Ternyata pihak lawan melaporkan keluarganya ke Direktorat Reserse Kriminal Umum (Ditreksrimum) Polda Jawa Tengah dengan dugaan perkara tindak pidana memakai tanah tanpa izin yang berhak atau kuasanya dan atau memasuki pekarangan tanpa izin yang berhak. Hal itu tertuang dalam pasal 6 Peraturan Pemerintah Pengganti Undang-undang (Perppu) Nomor 51 Tahun 1960 Tentang Larangan Pemakaian Tanah Tanpa Izin Yang Berhak Atau Kuasanya, dan/atau pasal 167 Kitab Undang-undang Hukum Pidana (KUHP). Hingga akhirnya Lanny Setyawati dan tiga anaknya ditetapkan jadi tersangka.

"Padahal proses perdata belum selesai, kok bisa jadi tersangka?
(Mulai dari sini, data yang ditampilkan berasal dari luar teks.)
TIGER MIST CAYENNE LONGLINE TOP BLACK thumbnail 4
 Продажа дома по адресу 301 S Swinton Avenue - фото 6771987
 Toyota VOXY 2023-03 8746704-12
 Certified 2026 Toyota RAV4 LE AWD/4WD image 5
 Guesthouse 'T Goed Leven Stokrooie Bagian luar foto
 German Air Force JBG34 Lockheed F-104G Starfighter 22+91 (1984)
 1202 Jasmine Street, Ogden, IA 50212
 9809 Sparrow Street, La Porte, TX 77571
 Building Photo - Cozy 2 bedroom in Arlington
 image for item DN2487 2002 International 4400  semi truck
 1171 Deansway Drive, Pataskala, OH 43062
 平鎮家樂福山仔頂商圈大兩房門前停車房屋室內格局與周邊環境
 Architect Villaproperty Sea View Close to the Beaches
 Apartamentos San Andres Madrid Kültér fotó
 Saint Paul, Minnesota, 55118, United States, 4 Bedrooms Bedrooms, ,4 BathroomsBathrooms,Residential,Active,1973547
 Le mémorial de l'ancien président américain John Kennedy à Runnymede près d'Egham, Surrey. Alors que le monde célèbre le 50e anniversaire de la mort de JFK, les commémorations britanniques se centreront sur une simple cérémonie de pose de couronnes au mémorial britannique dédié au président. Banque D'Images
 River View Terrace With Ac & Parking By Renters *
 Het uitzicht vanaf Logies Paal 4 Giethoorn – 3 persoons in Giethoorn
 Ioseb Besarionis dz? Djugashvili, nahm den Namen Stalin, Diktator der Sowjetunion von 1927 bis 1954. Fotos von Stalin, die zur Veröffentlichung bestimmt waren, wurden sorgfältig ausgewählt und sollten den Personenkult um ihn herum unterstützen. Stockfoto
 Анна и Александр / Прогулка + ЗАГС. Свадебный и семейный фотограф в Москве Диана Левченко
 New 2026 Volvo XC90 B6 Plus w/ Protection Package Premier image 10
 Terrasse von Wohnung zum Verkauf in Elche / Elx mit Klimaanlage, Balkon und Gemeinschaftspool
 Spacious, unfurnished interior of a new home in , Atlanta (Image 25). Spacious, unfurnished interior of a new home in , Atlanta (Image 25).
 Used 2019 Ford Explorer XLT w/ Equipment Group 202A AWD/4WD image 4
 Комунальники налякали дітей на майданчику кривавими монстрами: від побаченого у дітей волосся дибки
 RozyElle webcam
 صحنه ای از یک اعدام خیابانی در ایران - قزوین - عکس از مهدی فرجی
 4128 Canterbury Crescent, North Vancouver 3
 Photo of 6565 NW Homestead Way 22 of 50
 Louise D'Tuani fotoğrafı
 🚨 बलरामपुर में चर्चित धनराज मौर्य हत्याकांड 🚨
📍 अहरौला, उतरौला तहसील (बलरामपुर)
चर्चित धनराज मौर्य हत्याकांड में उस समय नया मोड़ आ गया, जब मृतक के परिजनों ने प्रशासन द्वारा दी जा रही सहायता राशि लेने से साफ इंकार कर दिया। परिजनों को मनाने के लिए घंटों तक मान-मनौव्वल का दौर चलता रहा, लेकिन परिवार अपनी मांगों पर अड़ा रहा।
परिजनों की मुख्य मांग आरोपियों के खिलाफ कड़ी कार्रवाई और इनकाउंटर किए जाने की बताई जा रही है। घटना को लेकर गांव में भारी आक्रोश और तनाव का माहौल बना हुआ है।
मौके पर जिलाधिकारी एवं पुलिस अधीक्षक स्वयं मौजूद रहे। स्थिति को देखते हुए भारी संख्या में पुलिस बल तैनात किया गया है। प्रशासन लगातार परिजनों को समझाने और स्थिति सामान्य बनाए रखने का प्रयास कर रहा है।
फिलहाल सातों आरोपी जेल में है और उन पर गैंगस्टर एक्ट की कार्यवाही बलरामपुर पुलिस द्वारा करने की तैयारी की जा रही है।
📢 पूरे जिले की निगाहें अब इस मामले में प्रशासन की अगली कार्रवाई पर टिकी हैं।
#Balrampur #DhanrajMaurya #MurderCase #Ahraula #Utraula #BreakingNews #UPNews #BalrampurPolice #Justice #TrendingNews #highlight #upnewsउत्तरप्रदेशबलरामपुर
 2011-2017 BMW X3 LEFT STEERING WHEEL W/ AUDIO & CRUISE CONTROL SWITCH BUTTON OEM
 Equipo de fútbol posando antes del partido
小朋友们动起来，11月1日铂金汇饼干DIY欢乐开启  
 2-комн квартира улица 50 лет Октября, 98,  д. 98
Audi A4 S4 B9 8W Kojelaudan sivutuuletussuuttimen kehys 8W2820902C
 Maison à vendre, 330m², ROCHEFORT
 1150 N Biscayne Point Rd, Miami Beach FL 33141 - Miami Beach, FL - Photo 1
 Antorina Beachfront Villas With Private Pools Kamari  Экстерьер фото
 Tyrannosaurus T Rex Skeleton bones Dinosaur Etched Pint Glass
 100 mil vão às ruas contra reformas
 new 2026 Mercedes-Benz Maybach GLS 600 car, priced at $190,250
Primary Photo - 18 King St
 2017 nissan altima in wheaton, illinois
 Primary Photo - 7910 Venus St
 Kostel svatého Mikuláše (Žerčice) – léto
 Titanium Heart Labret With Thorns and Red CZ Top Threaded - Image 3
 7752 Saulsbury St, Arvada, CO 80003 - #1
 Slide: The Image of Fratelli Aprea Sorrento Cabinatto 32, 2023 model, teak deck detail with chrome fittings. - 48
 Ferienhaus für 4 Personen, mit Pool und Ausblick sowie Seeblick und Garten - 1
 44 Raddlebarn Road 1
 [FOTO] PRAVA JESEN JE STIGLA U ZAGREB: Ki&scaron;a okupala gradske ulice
Lagipula, kalau jual beli biasa, masak sertifikat di Jalan Bandung bisa ditebus? Lalu kami bisa menempati sampai sekarang?" tanyanya.

Lanny menyatakan akan tetap berusaha hingga akhir untuk mencari keadilan hingga inkracht (berkekuatan hukum tetap) dan ada perintah resmi dari pengadilan.